Re: [RFC] AF_ALG AIO and IV

Stephan Mueller <smueller@xxxxxxxxxx> · Mon, 15 Jan 2018 13:07:16 +0100

Am Montag, 15. Januar 2018, 12:05:03 CET schrieb Jonathan Cameron:

Hi Jonathan,

> On Fri, 12 Jan 2018 14:21:15 +0100
> 
> Stephan Mueller <smueller@xxxxxxxxxx> wrote:
> > Hi,
> > 
> > The kernel crypto API requires the caller to set an IV in the request data
> > structure. That request data structure shall define one particular cipher
> > operation. During the cipher operation, the IV is read by the cipher
> > implementation and eventually the potentially updated IV (e.g. in case of
> > CBC) is written back to the memory location the request data structure
> > points to.
> Silly question, are we obliged to always write it back?

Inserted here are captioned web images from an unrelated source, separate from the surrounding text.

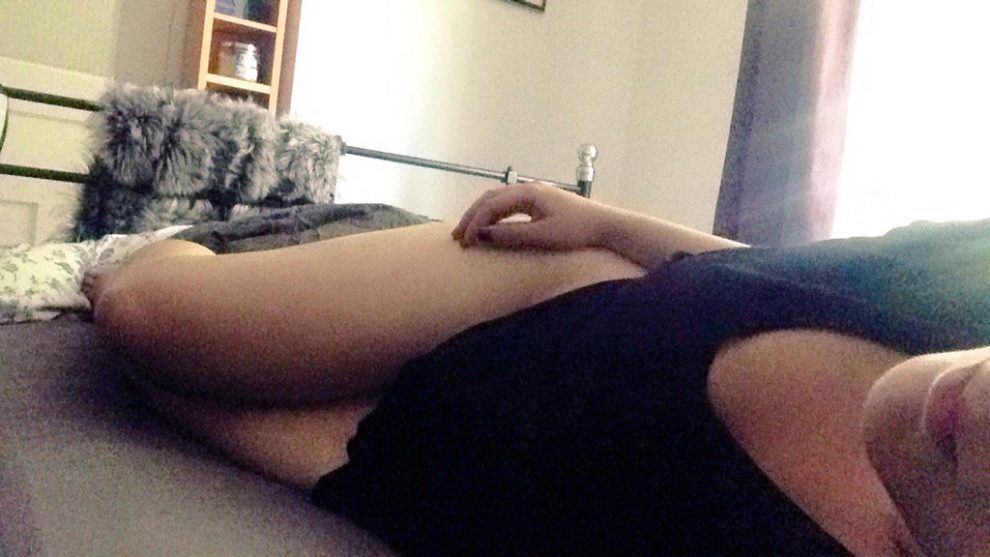 Spending the day in bed [f]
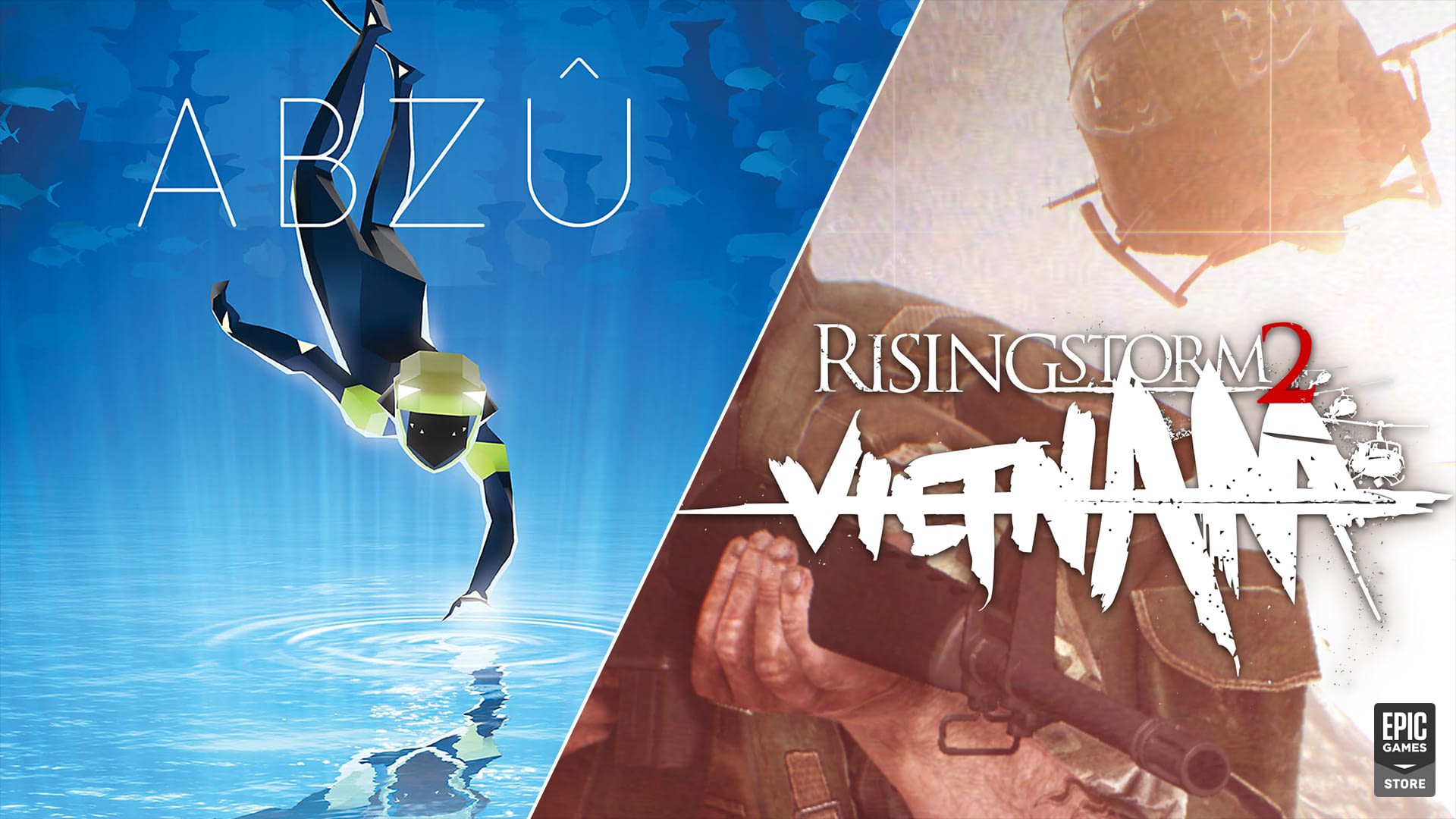 Abzu Rising Storm 2 Vietnam Free For Grabs On The Epic Games Store Gamezone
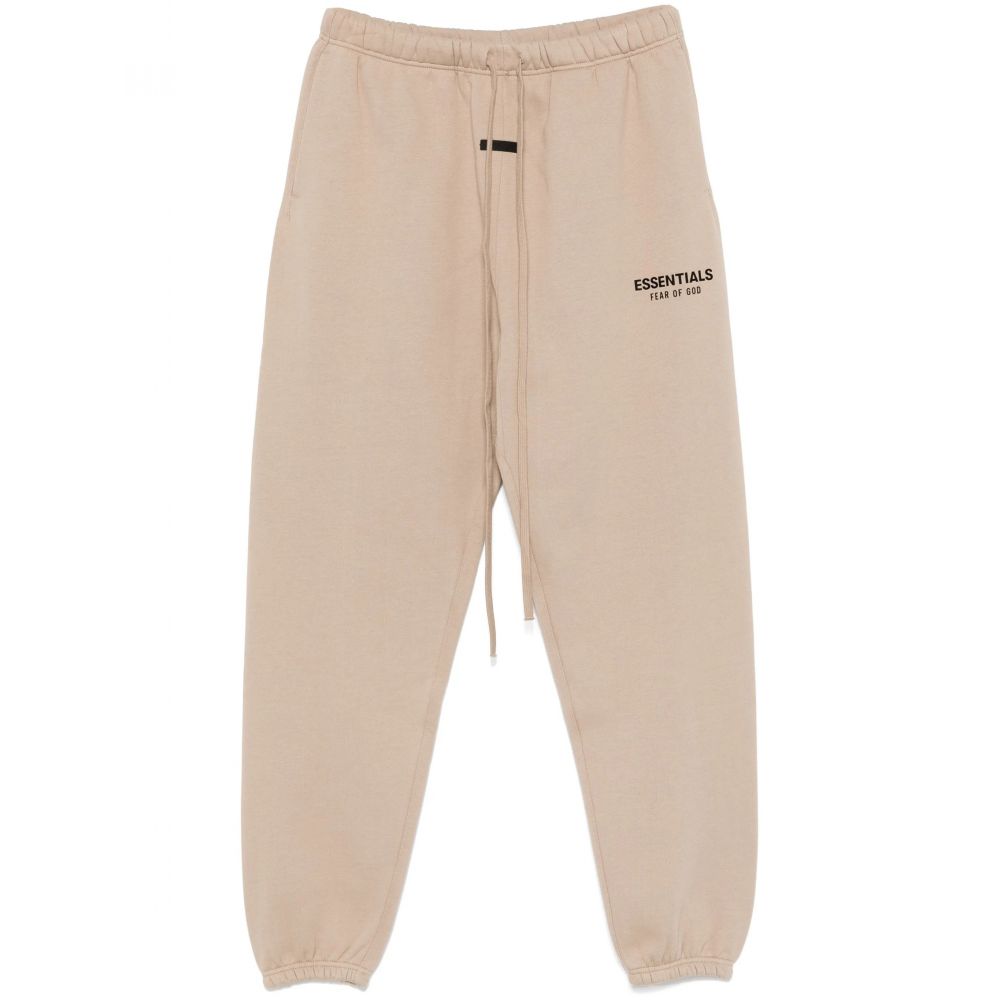 FEAR OF GOD ESSENTIALS - raised-logo track trousers
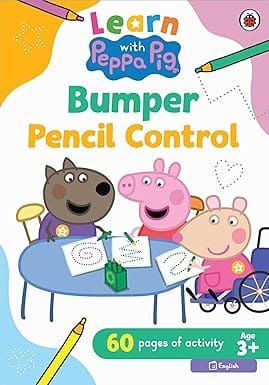 Peppa Pig Learn With Peppa Bumper Pencil Control
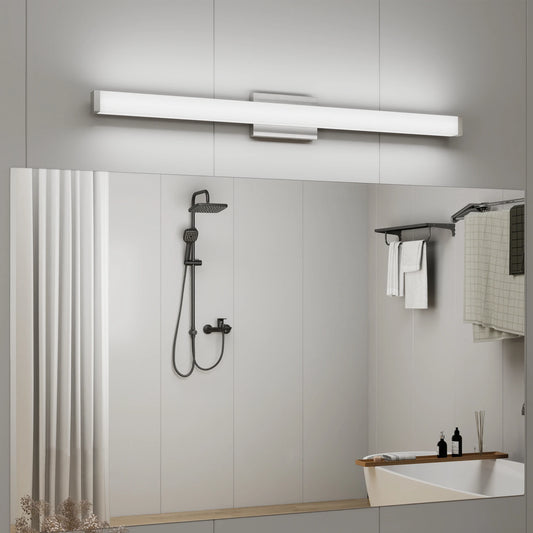 Dimmable LED Vanity Light For Bathroom Waterproof Fixture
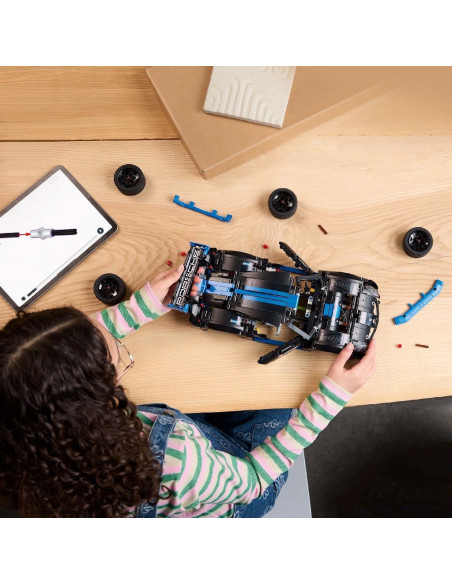 LEGO-42176,Lego Technic MaȘina De Curse Porsche Gt4 E-performance 42176 LEGO-42176,Lego Technic MaȘina De Curse Porsche Gt4 E-performance 42176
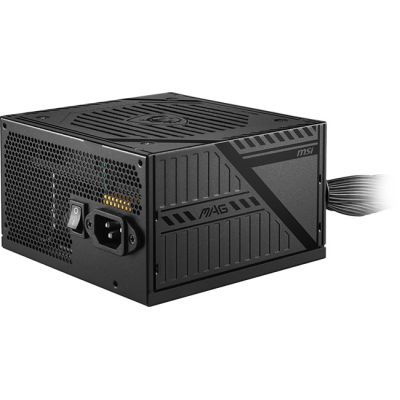 3. MSI MAG A550BNL moduł zasilaczy 550 W 24-pin ATX ATX Czarny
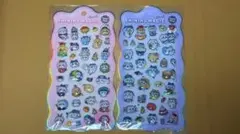ちいかわ SHINING MAGIC キャラクターシール 2枚セット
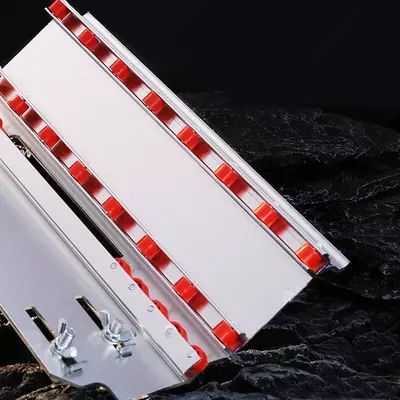 Насадка для циркулярной пилы пчёлки для резки керамической плитки, фаски под углом 45 градусов.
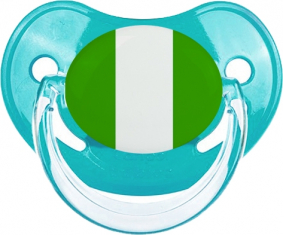 Bandera de Nigeria: Chupete Fisiológica personnalisée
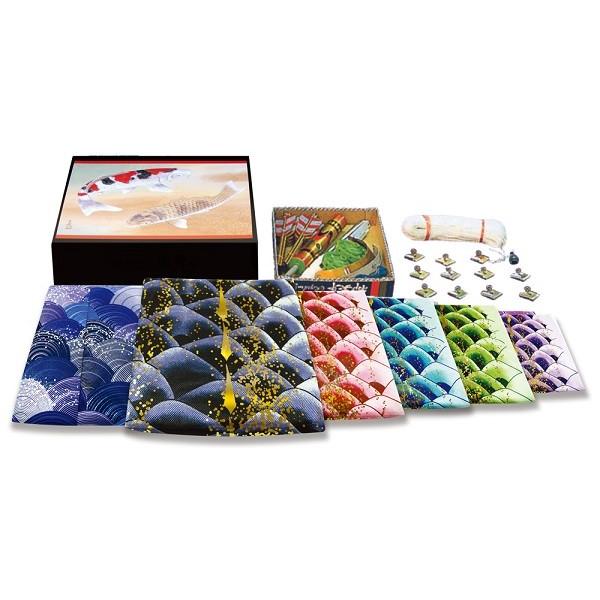 【大型】　高級　鯉のぼり　6mセット　千寿　徳永こいのぼり 徳永鯉 鯉のぼり 大型セット 千寿6m6点セット 立体交差織 撥水加工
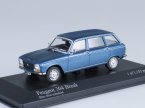 !  ! Peugeot 304 Break - blue met 1972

Well, in general, yes. The AF_ALG interface should allow a "stream" mode of 
operation:

socket
accept
setsockopt(setkey)
sendmsg(IV, data)
recvmsg(data)
sendmsg(data)
recvmsg(data)
..

For such synchronous operation, I guess it is clear that the IV needs to be 
written back.

If you want to play with it, use the "stream" API of libkcapi and the 
associated test cases.

> In CBC it is
> obviously the same as the last n bytes of the encrypted message.  I guess
> for ease of handling it makes sense to do so though.
> 
> > AF_ALG allows setting the IV with a sendmsg request, where the IV is
> > stored in the AF_ALG context that is unique to one particular AF_ALG
> > socket. Note the analogy: an AF_ALG socket is like a TFM where one
> > recvmsg operation uses one request with the TFM from the socket.
> > 
> > AF_ALG these days supports AIO operations with multiple IOCBs. I.e. with
> > one recvmsg call, multiple IOVECs can be specified. Each individual IOCB
> > (derived from one IOVEC) implies that one request data structure is
> > created with the data to be processed by the cipher implementation. The
> > IV that was set with the sendmsg call is registered with the request data
> > structure before the cipher operation.
> > 
> > In case of an AIO operation, the cipher operation invocation returns
> > immediately, queuing the request to the hardware. While the AIO request is
> > processed by the hardware, recvmsg processes the next IOVEC for which
> > another request is created. Again, the IV buffer from the AF_ALG socket
> > context is registered with the new request and the cipher operation is
> > invoked.
> > 
> > You may now see that there is a potential race condition regarding the IV
> > handling, because there is *no* separate IV buffer for the different
> > requests. This is nicely demonstrated with libkcapi using the following
> > command which creates an AIO request with two IOCBs each encrypting one
> > AES block in CBC mode:
> > 
> > kcapi  -d 2 -x 9  -e -c "cbc(aes)" -k
> > 8d7dd9b0170ce0b5f2f8e1aa768e01e91da8bfc67fd486d081b28254c99eb423 -i
> > 7fbc02ebf5b93322329df9bfccb635af -p 48981da18e4bb9ef7e2e3162d16b1910
> > 
> > When the first AIO request finishes before the 2nd AIO request is
> > processed, the returned value is:
> > 
> > 8b19050f66582cb7f7e4b6c873819b7108afa0eaa7de29bac7d903576b674c32
> > 
> > I.e. two blocks where the IV output from the first request is the IV input
> > to the 2nd block.
> > 
> > In case the first AIO request is not completed before the 2nd request
> > commences, the result is two identical AES blocks (i.e. both use the same
> > IV):
> > 
> > 8b19050f66582cb7f7e4b6c873819b718b19050f66582cb7f7e4b6c873819b71
> > 
> > This inconsistent result may even lead to the conclusion that there can be
> > a memory corruption in the IV buffer if both AIO requests write to the IV
> > buffer at the same time.
> > 
> > This needs to be solved somehow. I see the following options which I would
> > like to have vetted by the community.
> 
> Taking some 'entirely hypothetical' hardware with the following structure
> for all my responses - it's about as flexible as I think we'll see in the
> near future - though I'm sure someone has something more complex out there
> :)
> 
> N hardware queues feeding M processing engines in a scheduler driven
> fashion. Actually we might have P sets of these, but load balancing and
> tracking and transferring contexts between these is a complexity I think we
> can ignore. If you want to use more than one of these P you'll just have to
> handle it yourself in userspace.  Note messages may be shorter than IOCBs
> which raises another question I've been meaning to ask.  Are all crypto
> algorithms obliged to run unlimited length IOCBs?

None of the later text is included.